Referential Claritywas 6.3 7.7

Navigabilitywas 7.4 8.3

Slug Compressionwas 8.3 8.4

Contract Concretenesswas 8.8 9.3

Verification ✓ 0 false rejections, 0 false passes / 64 checks

Key takeaways:

Seed Value 8.1 + Prompt Specificity 8.2 — the prompts themselves are worth encoding. Models wouldn't do this well zero-shot.
Contract Independence 2.4 — still the #1 problem. The model still parrots prompts into contracts.

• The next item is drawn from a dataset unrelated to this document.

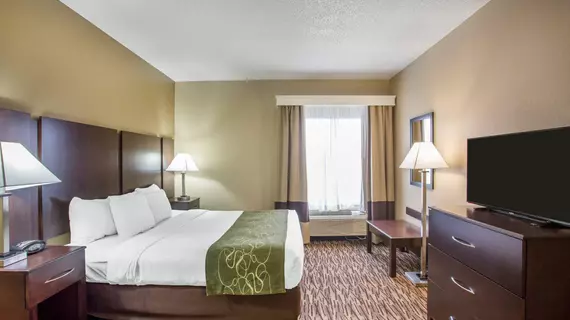 Comfort Suites Lebanon | Tennessee - Nashville-Davidson - Nashville (ve civarı) - Lebanon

This is a model behavior issue, not a prompt quality issue.
Parent-Child Coherence 3.2 — dropped from 5.0. Many parent contracts are empty (new seeds haven't been conjugated yet), so the judge sees no coherence.
Concreteness 9.3, Navigability 8.3, Ref Clarity 7.7 — all improved. Richer prompts → richer conjugations.
Next bottleneck: Contract independence. The conjugation system prompt needs even stronger anti-parroting instructions, or we need a different model for conjugation.